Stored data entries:
---*---
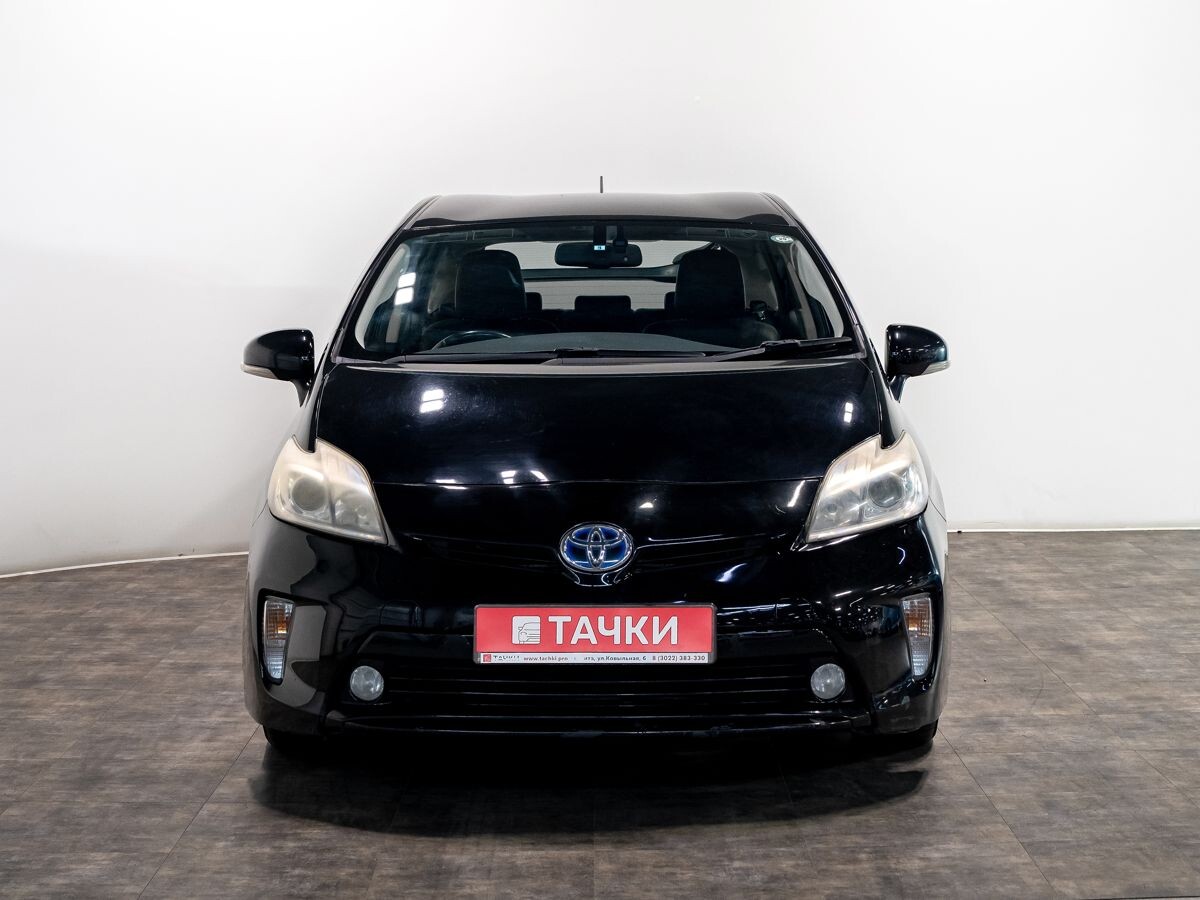 Toyota Prius 2012 - фото автомобиля
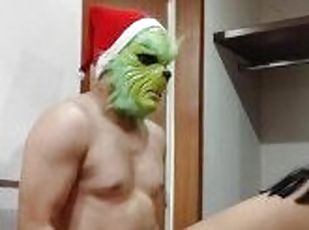 Lista para navidad. ¡Me coje el Grinch!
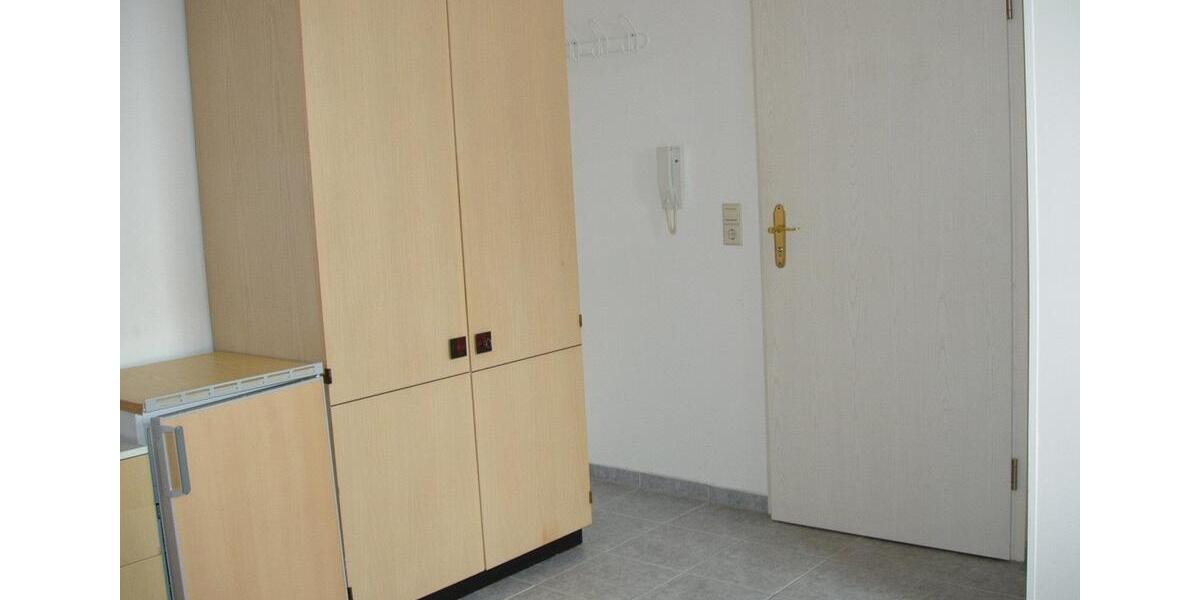 Dachgeschoßwohnung Untersiemau - 1 Zimmer, 15 m&sup2;, 200&euro; | Angebot:25790903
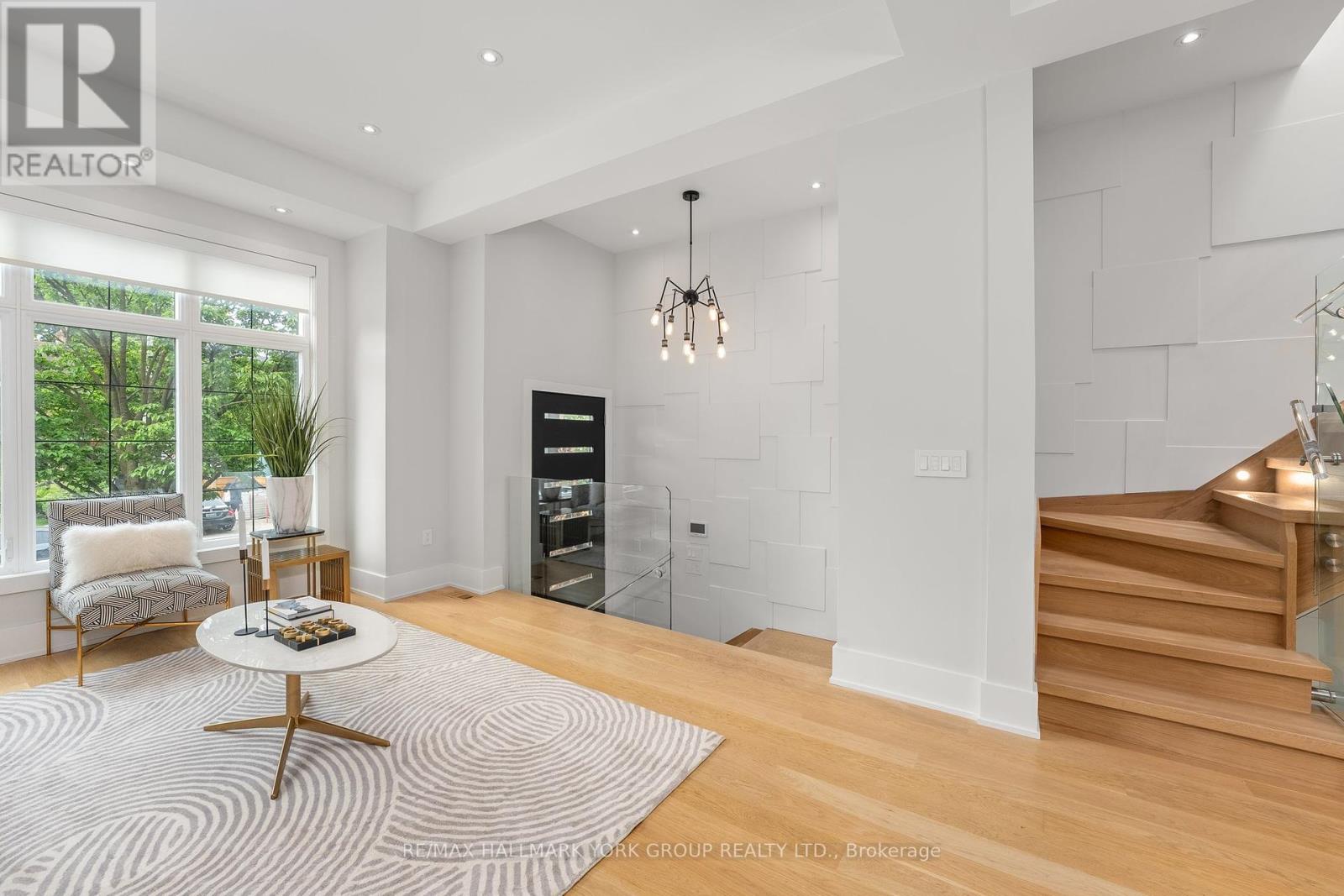 100 Roe Avenue, Toronto, Ontario  M5M 2H7 - Photo 33 - C12019396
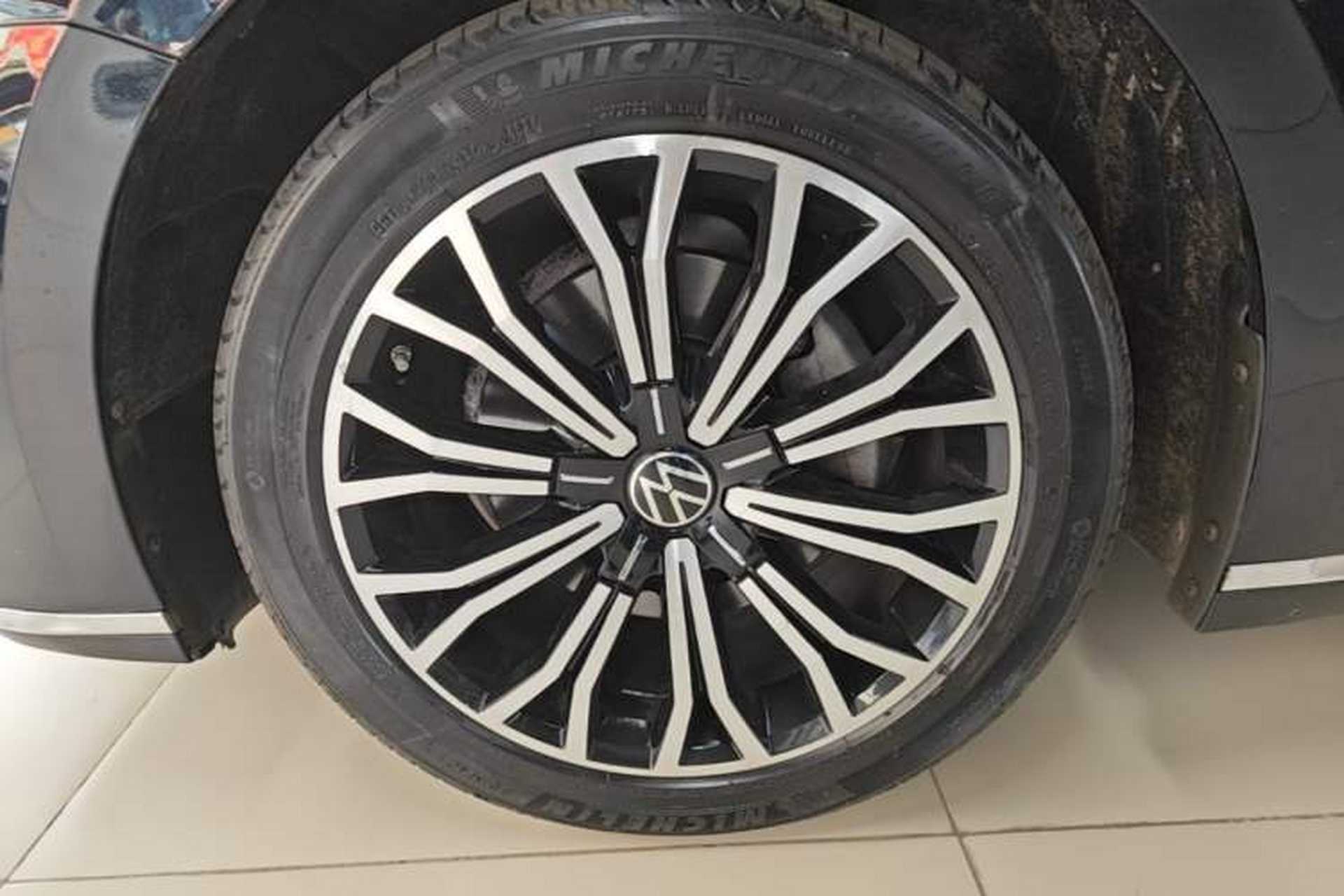 Used Volkswagen Phideon 2021 380TSI Luxury Edition Exterior 4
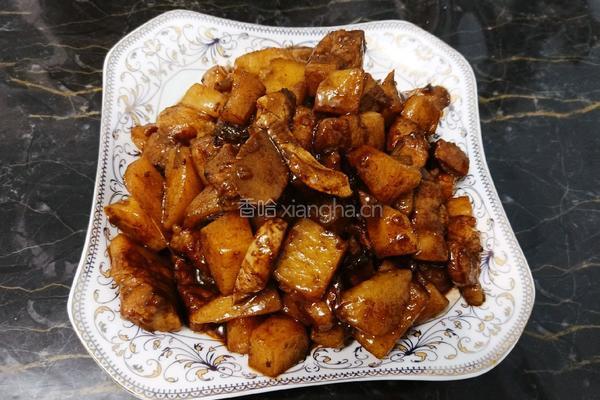 红烧肉炖土豆的做法图解11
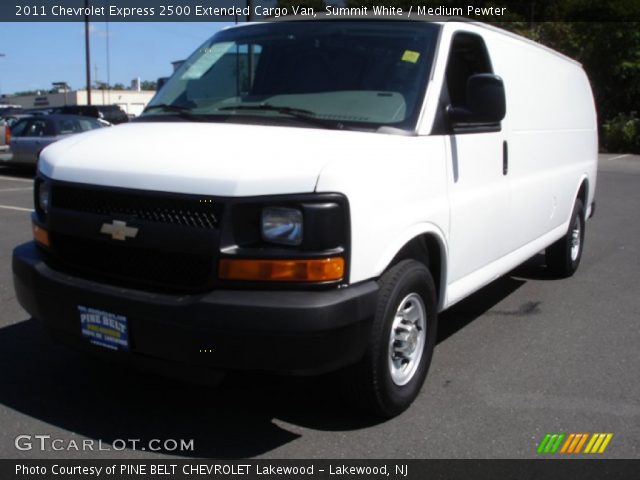 2011 Chevrolet Express 2500 Extended Cargo Van in Summit White
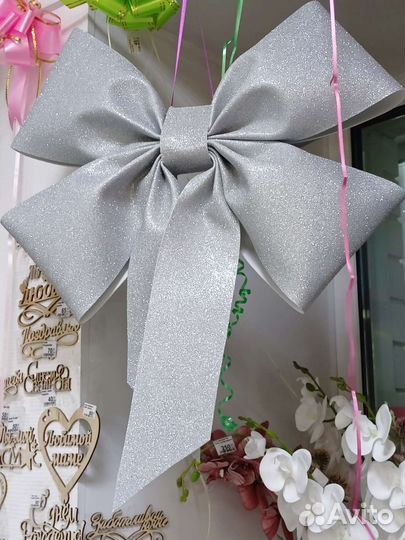 Большой бант на машину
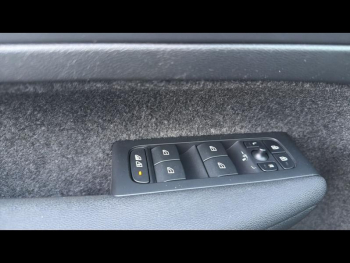 Photo 16 du bon plan VOLVO XC40 B3 163ch Start DCT 7 occasion à 27990 €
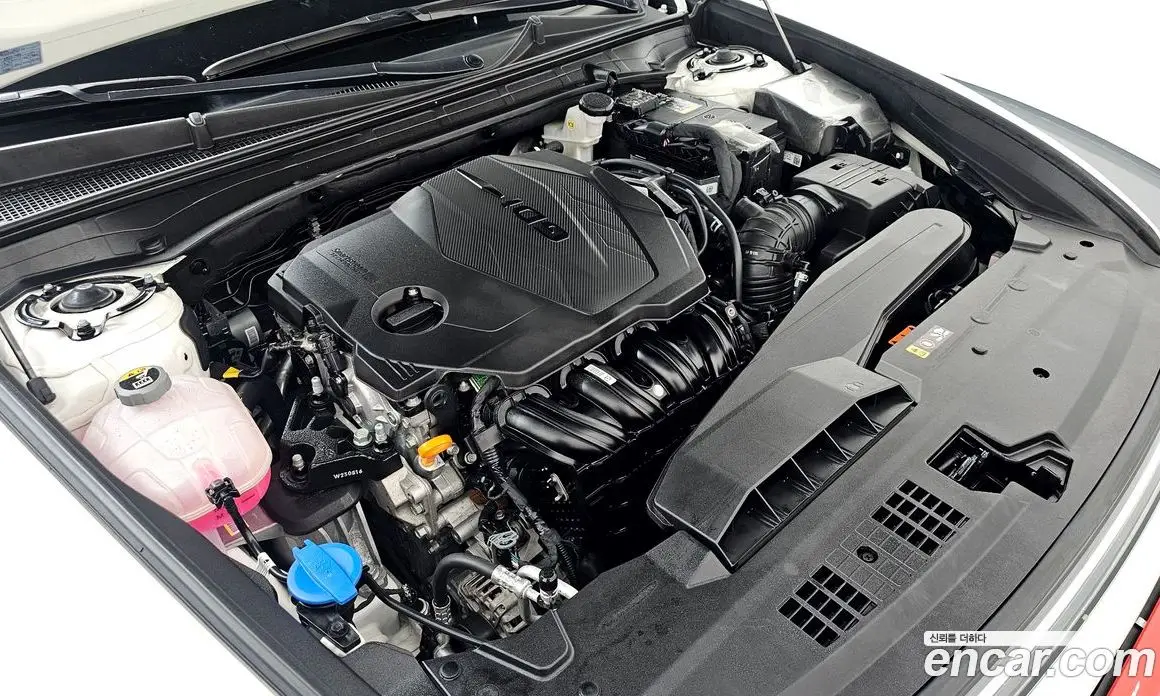Hyundai Grandeur 2023 2.5 автомат (гидро), фото 6
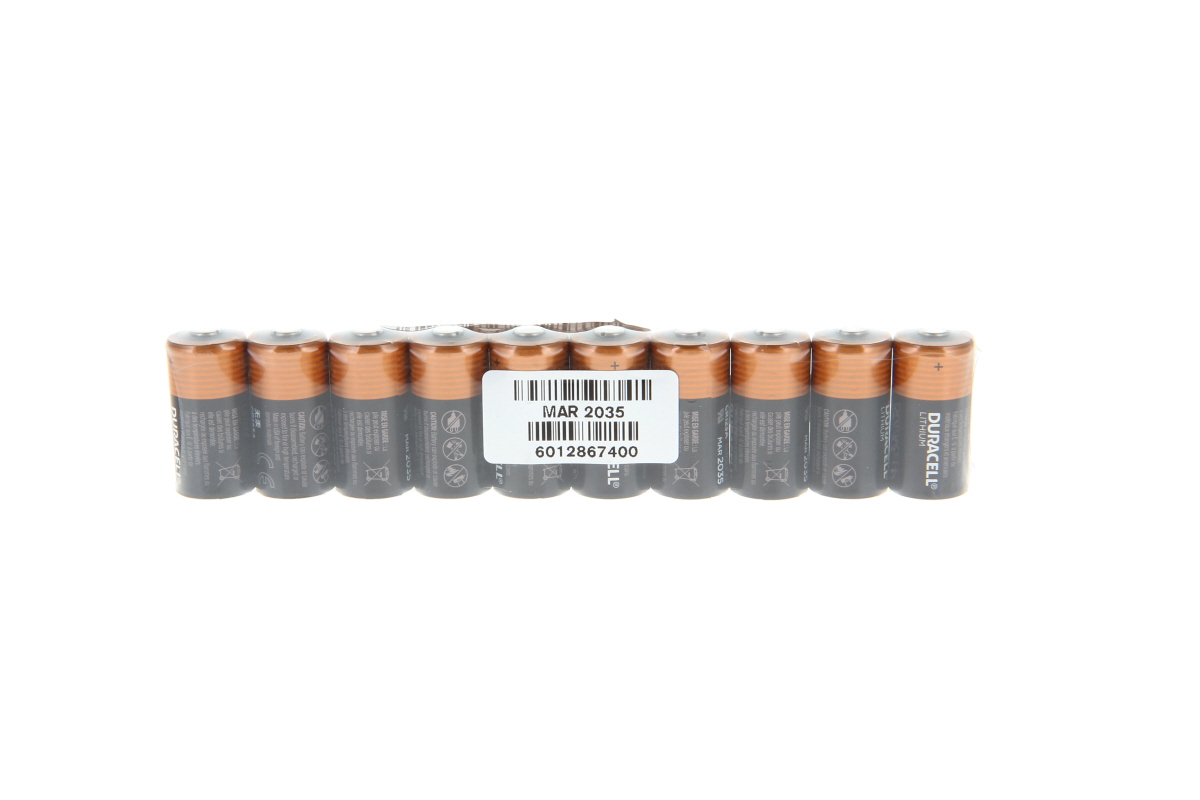 Dieci batterie al litio D Duracell in pellicola trasparente su sfondo bianco. Ogni batteria ha parte superiore marrone e inferiore nera con logo Duracell. Etichetta centrale con codice a barre, "MAR 2035" e "6012867400".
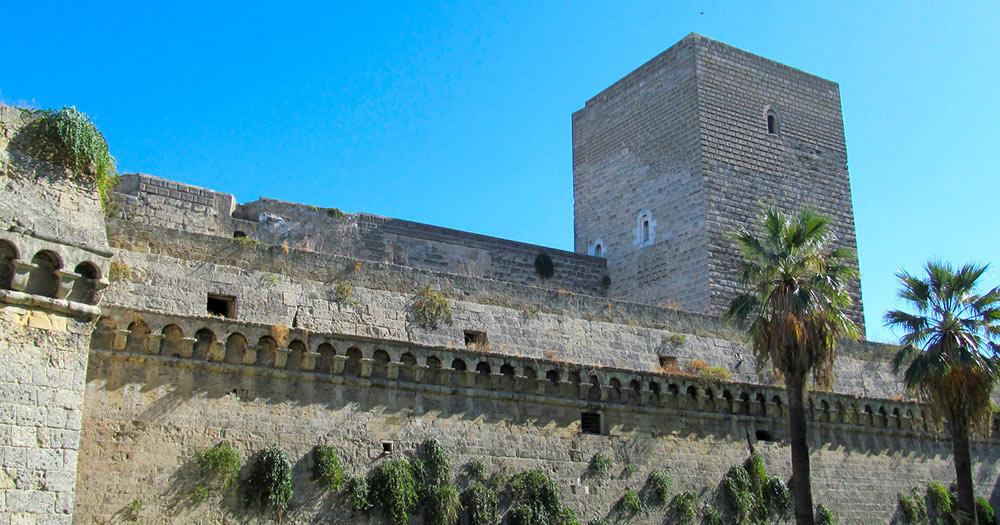 Bari / Schloss Svevo in Bari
---*---
PROBLEM DETAILS: Your task is to print exactly the lines from the one containing "Used Volkswagen Phideon" through the final line of the records above, with no pictures and nothing more.

ANSWER FOR THE TASK:
 Used Volkswagen Phideon 2021 380TSI Luxury Edition Exterior 4
 红烧肉炖土豆的做法图解11
 2011 Chevrolet Express 2500 Extended Cargo Van in Summit White
 Большой бант на машину
 Photo 16 du bon plan VOLVO XC40 B3 163ch Start DCT 7 occasion à 27990 €
Hyundai Grandeur 2023 2.5 автомат (гидро), фото 6
 Dieci batterie al litio D Duracell in pellicola trasparente su sfondo bianco. Ogni batteria ha parte superiore marrone e inferiore nera con logo Duracell. Etichetta centrale con codice a barre, "MAR 2035" e "6012867400".
 Bari / Schloss Svevo in Bari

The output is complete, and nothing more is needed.